We are trying to load datasets where the image column stores PIL.PngImagePlugin.PngImageFile images. However, iterating over these datasets is extremely slow.
What I have found:

  1. It is the presence of the image column that causes the slowdown. Removing the column from the dataset results in blazingly fast (as expected) times
  2. It is ~2x faster to iterate when the column contains a single image as opposed to a list of images i.e., the feature is a Sequence of Image objects. We often need multiple images per sample, so we need to work with a list of images
  3. It is ~17x faster to store paths to PNG files and load them using PIL.Image.open, as opposed to iterating over a Dataset with an Image column, and ~30x faster compared to Sequence of Images. See a simple script below with an openly available dataset.

It would be great to understand the standard practices for storing and loading multimodal datasets (image + text).

Load image data seems a bit underdeveloped? (e.g., dataset.decode only works with IterableDataset, but it’s not clear from the doc)

Thanks!

from datasets import load_dataset, load_from_disk
from PIL import Image
from pathlib import Path

ds = load_dataset("getomni-ai/ocr-benchmark")

for idx, sample in enumerate(ds["test"]):
    image = sample["image"]
    image.save(f"/tmp/ds_files/images/image_{idx}.png")

ds.save_to_disk("/tmp/ds_columns")

# Remove the 'image' column
ds["test"] = ds["test"].remove_columns(["image"])

# Create image paths for each sample
image_paths = [f"images/image_{idx}.png" for idx in range(len(ds["test"]))]

# Add the 'image_path' column to the dataset
ds["test"] = ds["test"].add_column("image_path", image_paths)
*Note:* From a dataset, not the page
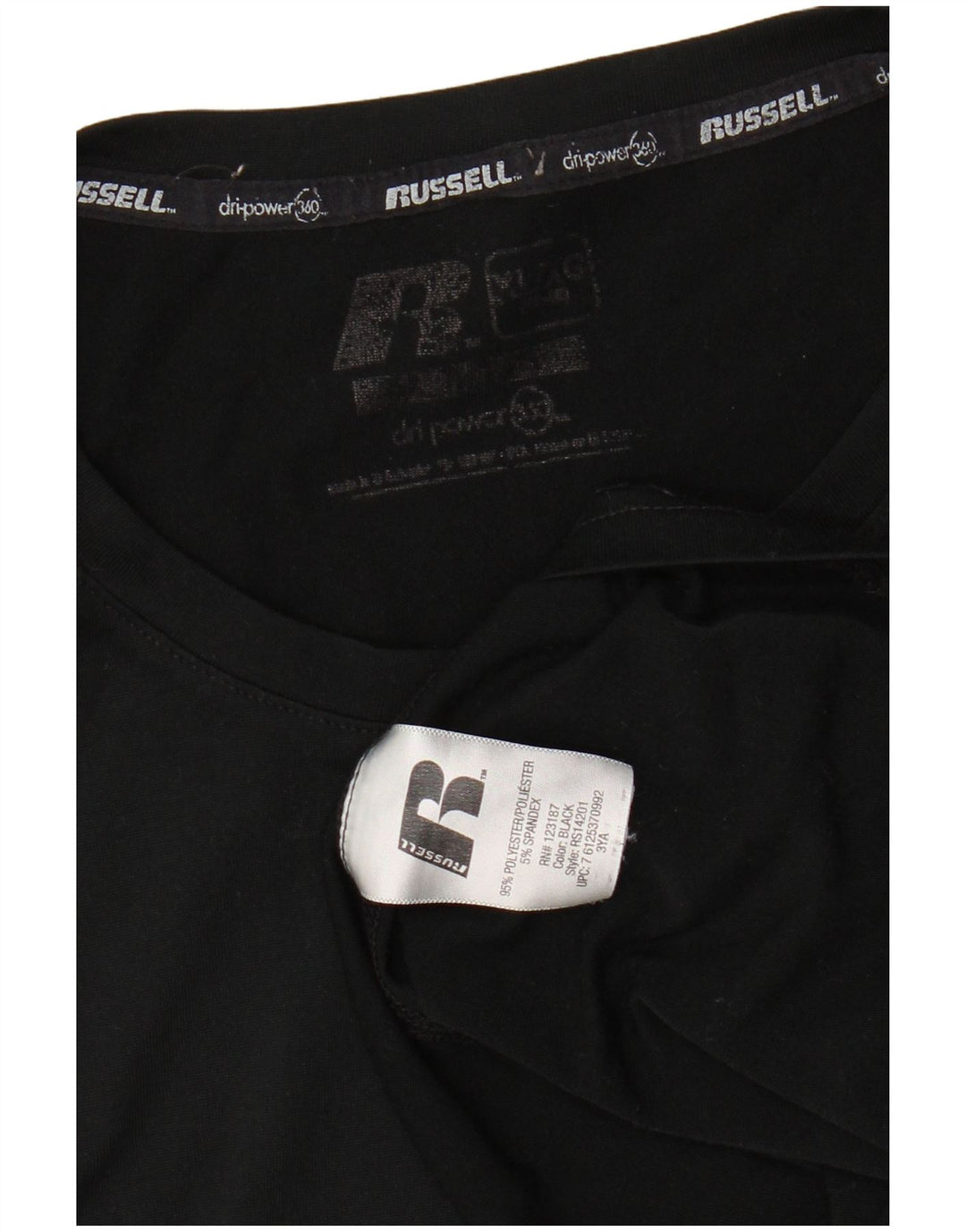 Ανδρικό μπλουζάκι RUSSELL ATHLETIC Dri-Power Top XL μαύρο πολυεστέρα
# Save the updated dataset
ds.save_to_disk("/tmp/ds_files")
files_path = Path("/tmp/ds_files")
column_path = Path("/tmp/ds_columns")

# load and benchmark
ds_file = load_from_disk(files_path)
ds_column = load_from_disk(column_path)
import time


images_files = []
start = time.time()
for idx in range(len(ds_file["test"])):
    image_path = files_path / ds_file["test"][idx]["image_path"]
    image = Image.open(image_path)
    images_files.append(image)
end = time.time()
print(f"Time taken to load images from files: {end - start} seconds")
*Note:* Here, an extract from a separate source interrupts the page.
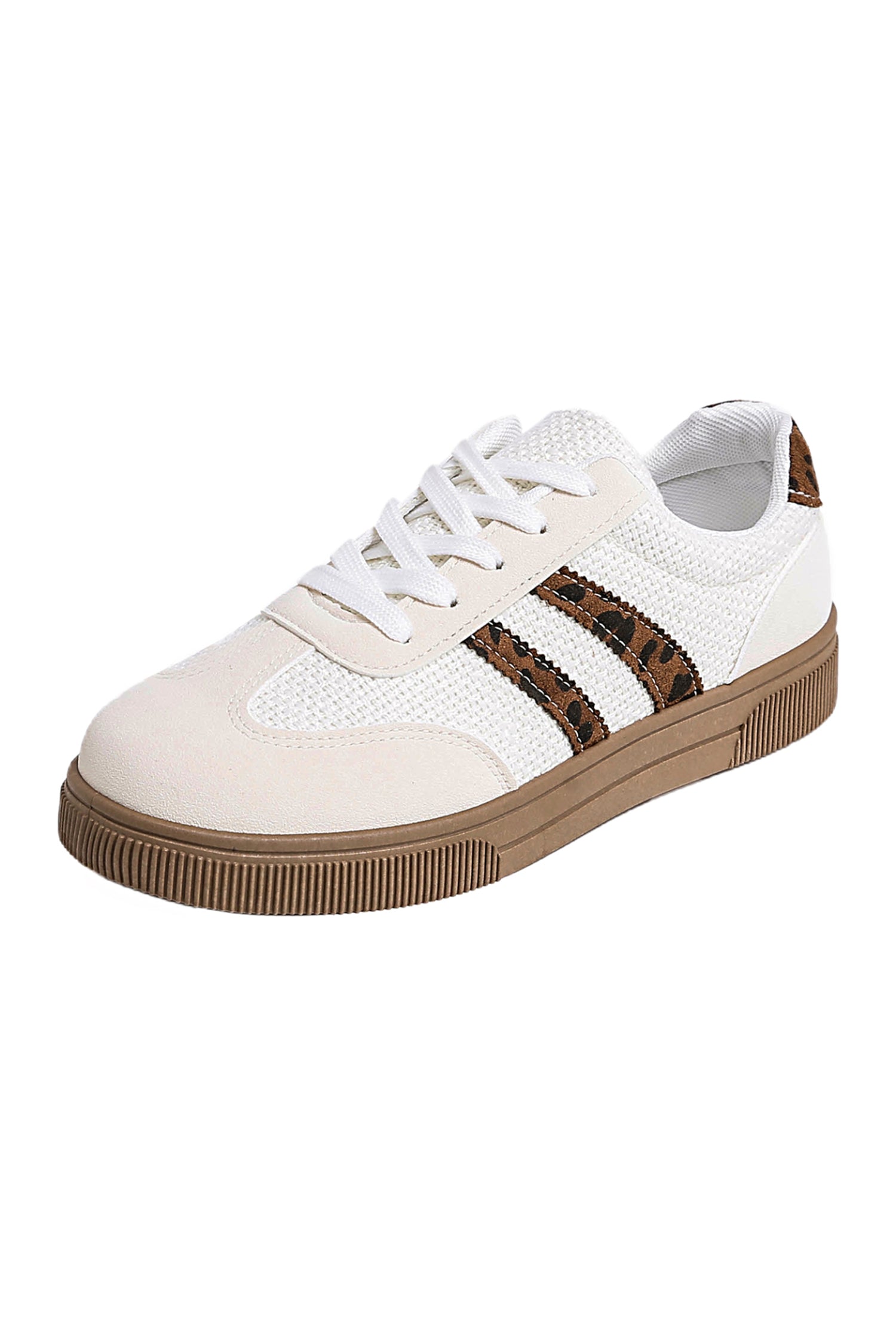 White Textured Woven PU Leather Leopard Patchwork Flat Sneakers bd6cab78f4582659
# Time taken to load images from files: 1.2364635467529297 seconds


images_column = []
start = time.time()
for idx in range(len(ds_column["test"])):
    images_column.append(ds_column["test"][idx]["image"])
end = time.time()
print(f"Time taken to load images from columns: {end - start} seconds")

# Time taken to load images from columns: 20.49347186088562 seconds
1 Like

Hi ! The Image() decoding simply uses PIL.Image.open and also calls `image.load().
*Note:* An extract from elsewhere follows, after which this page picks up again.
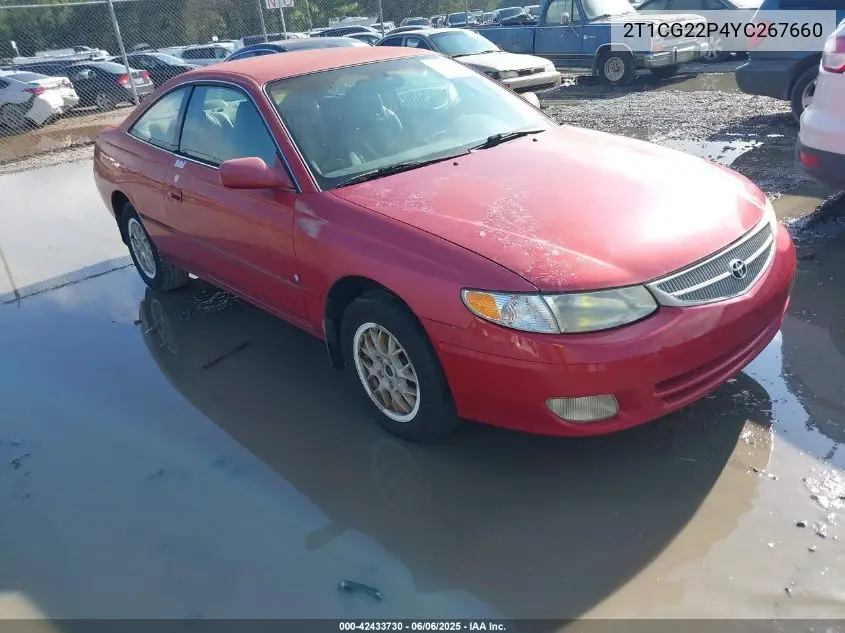 2000 Toyota Camry Solara Se VIN: 2T1CG22P4YC267660 Lot: 42433730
This step decodes the image and loads it in memory. This step is a bit slower than calling PIL.Image.open alone but it ensures that the python shell doesn’t crash because of too many open files (issue , here: [image feature] Too many files open error when image feature is returned as a path · Issue #3985 · huggingface/datasets · GitHub)

This part of the codebase is open to contributions though, if you have an idea of how to improve this !

Moreover .decode()happens to be a very recent addition, so it’s indeed not yet available for Dataset objects (it would be cool though). Anyway thanks for the valuable feedback :slight_smile:

1 Like

Thanks for the reply, that’s an important point I missed! I’m quite new to the world of images so I don’t know how well I can contribute.
Wondering if it’s possible to bring more speedup to image loading. For example, loading pixel values from bytes in a memory-mapped file (e.g., using np.memmap, np.frombuffer) and using Image.fromarray (if necessary) is still significantly faster than either methods

1 Like